Grundlage blieb auch nach der Machtübernahme die Bismarcksche Sozialgesetzgebung und die Arbeitslosenversicherung der Weimarer Republik. Der Sozialstaat wurde von den Nazis keinesfalls zerschlagen, sondern weiter ausgebaut. Nach der Einbeziehung der Handwerker in die Sozialkassen folgte 1937 die gründliche Sanierung der Rentenversicherungen, die am Ende der Weimarer Republik zusammenzubrechen drohten.

Der neue Schwerpunkt lag auf der Familienförderung. Das Ehestandsdarlehen wurde schon erwähnt, hinzu kam die Verlängerung der Kinderzuschläge und Waisenrente im Rahmen der Sozialversicherungen bis zum 18. Lebensjahr der Betroffenen. [154] Mit dem Winterhilfswerk wurde eine gigantische Wohlfahrtsorganisation geschaffen. Das Winterhilfswerk und die Nationalsozialistische Volkswohlfahrt hatten 1939 11,9 Millionen Mitglieder. Erst sammelten sie für „notleidende Volksgenossen“, später für die Versorgung der Soldaten. Kamen anfangs die Gelder armen Familien und Kindern zugute, wurden die Sammlungen später ein Mittel, um aus der Bevölkerung das Letzte für die Kriegsmobilisierung heraus zu pressen. Außerdem unterzog das Winterhilfswerk die Bürger einer weiteren politischen Kontrolle.

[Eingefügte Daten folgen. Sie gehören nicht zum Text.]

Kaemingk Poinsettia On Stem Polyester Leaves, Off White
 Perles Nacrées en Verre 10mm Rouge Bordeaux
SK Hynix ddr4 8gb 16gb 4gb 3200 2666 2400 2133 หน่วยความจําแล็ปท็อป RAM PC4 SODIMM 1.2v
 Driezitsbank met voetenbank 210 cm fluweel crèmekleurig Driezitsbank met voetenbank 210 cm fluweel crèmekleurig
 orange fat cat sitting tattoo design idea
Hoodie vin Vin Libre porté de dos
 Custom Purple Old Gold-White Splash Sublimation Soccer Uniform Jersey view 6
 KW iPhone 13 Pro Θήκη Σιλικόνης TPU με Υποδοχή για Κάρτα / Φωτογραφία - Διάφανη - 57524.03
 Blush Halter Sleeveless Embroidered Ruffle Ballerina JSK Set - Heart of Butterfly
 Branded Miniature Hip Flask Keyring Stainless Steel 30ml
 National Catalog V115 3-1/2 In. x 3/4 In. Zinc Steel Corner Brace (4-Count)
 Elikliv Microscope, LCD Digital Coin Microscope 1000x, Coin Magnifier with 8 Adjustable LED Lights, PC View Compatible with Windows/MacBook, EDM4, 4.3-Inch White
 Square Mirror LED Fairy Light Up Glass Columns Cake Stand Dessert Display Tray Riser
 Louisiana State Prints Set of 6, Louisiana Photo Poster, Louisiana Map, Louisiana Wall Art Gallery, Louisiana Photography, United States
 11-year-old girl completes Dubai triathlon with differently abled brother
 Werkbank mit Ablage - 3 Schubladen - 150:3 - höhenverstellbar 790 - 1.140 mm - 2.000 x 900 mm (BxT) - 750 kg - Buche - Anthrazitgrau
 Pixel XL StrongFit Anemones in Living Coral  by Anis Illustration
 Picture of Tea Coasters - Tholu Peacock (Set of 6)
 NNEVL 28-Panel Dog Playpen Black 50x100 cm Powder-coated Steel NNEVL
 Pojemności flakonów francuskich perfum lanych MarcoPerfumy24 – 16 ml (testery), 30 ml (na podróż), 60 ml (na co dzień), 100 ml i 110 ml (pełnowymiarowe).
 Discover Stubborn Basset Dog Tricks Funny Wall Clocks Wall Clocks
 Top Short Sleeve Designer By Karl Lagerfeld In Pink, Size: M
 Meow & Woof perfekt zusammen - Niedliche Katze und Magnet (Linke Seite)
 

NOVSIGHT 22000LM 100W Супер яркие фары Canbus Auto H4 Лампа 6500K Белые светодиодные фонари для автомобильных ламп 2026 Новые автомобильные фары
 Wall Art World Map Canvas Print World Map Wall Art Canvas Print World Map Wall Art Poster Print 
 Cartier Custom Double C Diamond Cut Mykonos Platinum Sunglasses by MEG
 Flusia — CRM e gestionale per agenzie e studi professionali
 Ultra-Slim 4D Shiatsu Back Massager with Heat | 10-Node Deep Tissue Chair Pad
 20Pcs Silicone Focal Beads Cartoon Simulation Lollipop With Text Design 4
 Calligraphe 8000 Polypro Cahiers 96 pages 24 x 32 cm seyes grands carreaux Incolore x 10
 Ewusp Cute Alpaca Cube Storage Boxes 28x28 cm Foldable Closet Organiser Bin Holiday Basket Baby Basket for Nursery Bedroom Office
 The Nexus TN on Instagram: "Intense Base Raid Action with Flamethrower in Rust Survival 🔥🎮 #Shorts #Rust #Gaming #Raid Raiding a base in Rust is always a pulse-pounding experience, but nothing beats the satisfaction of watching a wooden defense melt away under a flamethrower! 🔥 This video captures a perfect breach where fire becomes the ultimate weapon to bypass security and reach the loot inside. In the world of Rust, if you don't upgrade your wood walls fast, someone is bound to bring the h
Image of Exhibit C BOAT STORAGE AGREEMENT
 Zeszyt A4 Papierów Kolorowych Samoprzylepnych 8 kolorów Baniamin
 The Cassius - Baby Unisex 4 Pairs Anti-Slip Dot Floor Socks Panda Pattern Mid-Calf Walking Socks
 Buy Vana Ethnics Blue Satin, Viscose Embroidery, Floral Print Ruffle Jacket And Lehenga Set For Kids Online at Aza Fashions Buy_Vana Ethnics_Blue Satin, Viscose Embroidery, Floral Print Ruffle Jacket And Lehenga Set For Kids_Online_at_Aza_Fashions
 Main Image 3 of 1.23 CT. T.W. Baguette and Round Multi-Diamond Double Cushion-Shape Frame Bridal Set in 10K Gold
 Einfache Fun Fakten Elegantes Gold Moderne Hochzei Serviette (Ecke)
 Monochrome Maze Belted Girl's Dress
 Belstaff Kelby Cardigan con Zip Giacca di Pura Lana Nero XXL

Beim Wohnungsbau konnte die Regierung ihre Versprechungen bei weitem nicht erfüllen. Von den 1933 versprochenen 400.000 Eigenheimsiedlungen wurden nur ganze 34.101 fertiggestellt. [155] Im Krieg kündigte Ley den Bau von 5 Millionen Wohnungen an. Das Vorhaben wurde abgebrochen, da man es für nicht realisierbar hielt. [156]

Hitler verkündete, die neue Aufgabe der Staatsführung wäre, die Voraussetzung zu schaffen, „daß die fähigsten Köpfe ohne Rücksicht auf Herkunft, Titel, Stand und Vermögen die berechtigte Bevorzugung erfahren.“ [157] Studium und Weiterbildung war in der Weimarer Republik ein Privileg der alten Elite gewesen. Das sollte sich jetzt ändern. Die Grundlage für die Umgestaltung des Bildungswesens stellte die Abschaffung der Bekenntnisschule durch die Einführung der Gemeinschaftsschule dar. Durch diese Umsetzung einer alten Forderung der Arbeiterbewegung und des liberalen Bürgertums aus der Weimarer Zeit wurde der klerikale Einfluß auf das Bildungswesen verdrängt. Die Schule wurde ganz in den Dienst der nationalsozialistischen Ideologie gestellt.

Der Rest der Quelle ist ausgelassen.